What is needed:
In the listing below, find the line holding "Schildmeyer Alfa 155476" and the line holding "Grumpy Disney Birthday". Write out those two lines and all lines between, exactly, and nothing more.

Input:

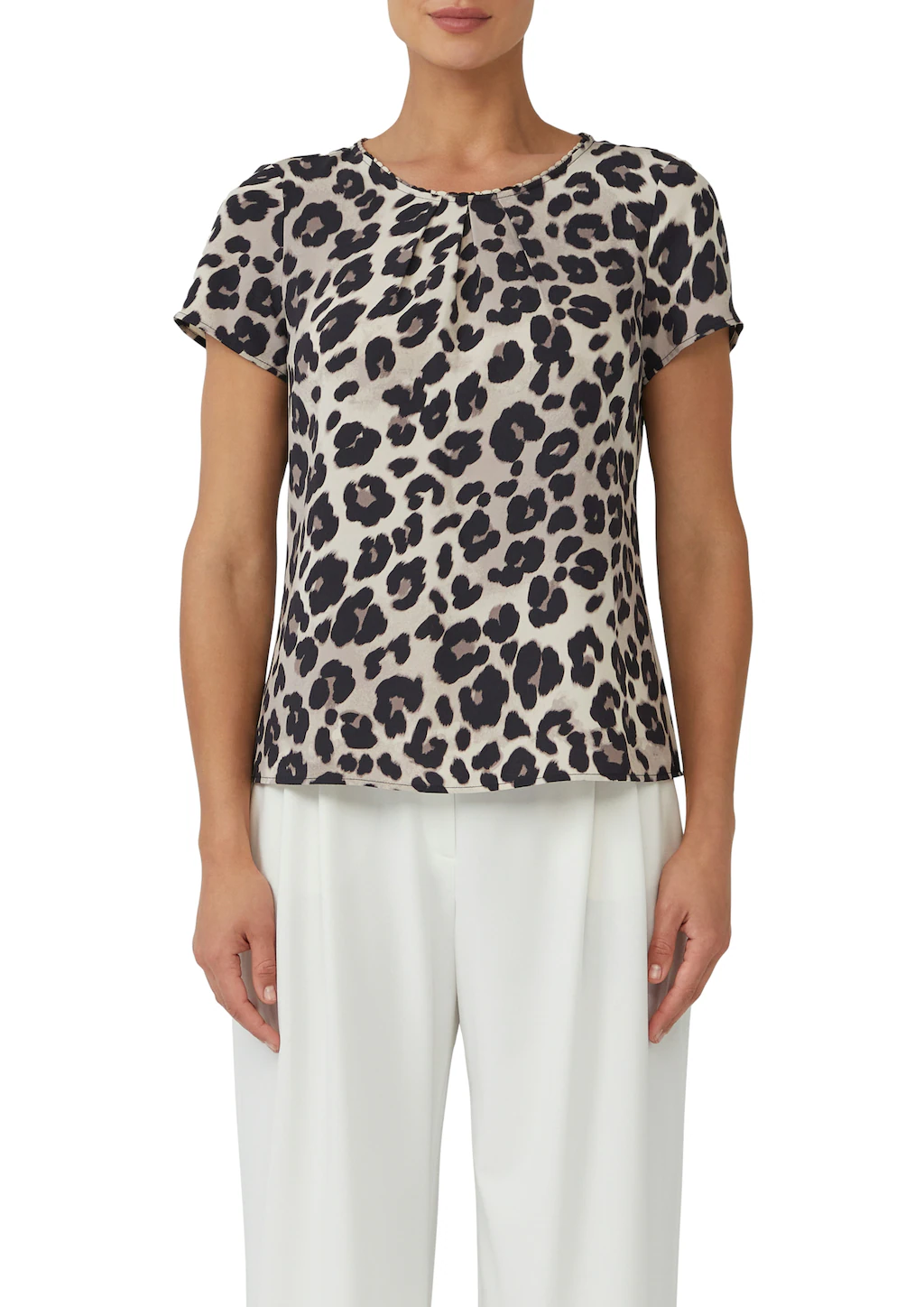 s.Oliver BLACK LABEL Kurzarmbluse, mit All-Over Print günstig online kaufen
...
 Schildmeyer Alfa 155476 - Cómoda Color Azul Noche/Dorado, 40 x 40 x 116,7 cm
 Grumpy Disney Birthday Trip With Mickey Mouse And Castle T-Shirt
---
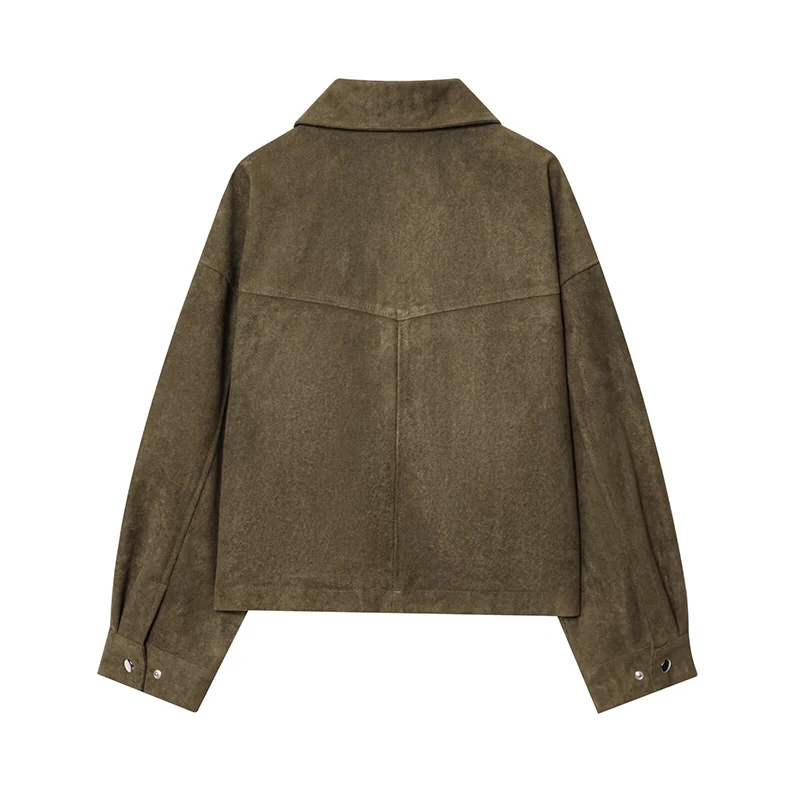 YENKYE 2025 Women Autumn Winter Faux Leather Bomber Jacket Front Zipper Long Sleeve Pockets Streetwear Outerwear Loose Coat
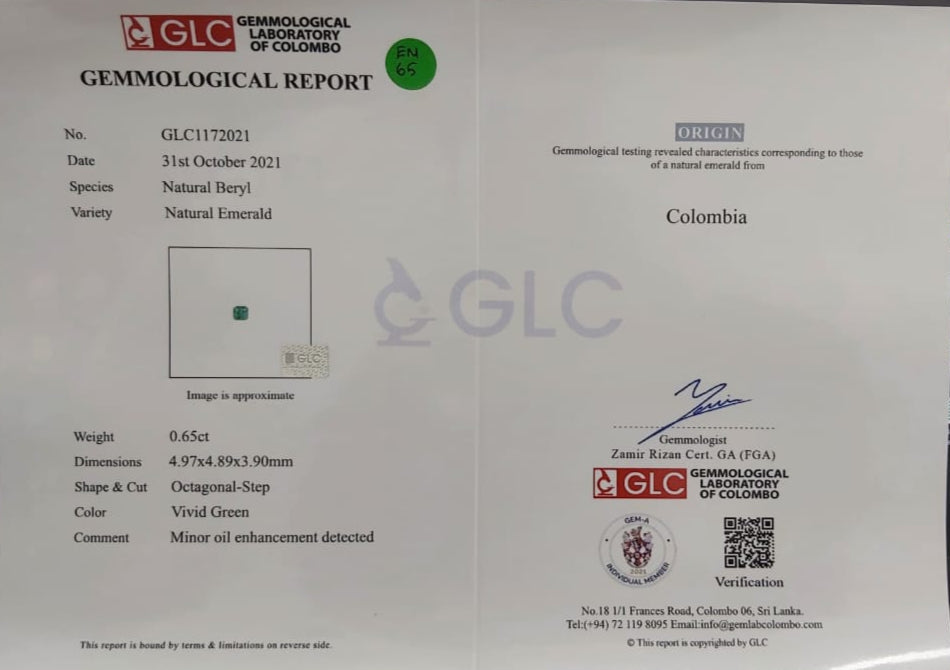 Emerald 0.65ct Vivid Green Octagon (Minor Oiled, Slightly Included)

Your solution:
 Schildmeyer Alfa 155476 - Cómoda Color Azul Noche/Dorado, 40 x 40 x 116,7 cm
 Grumpy Disney Birthday Trip With Mickey Mouse And Castle T-Shirt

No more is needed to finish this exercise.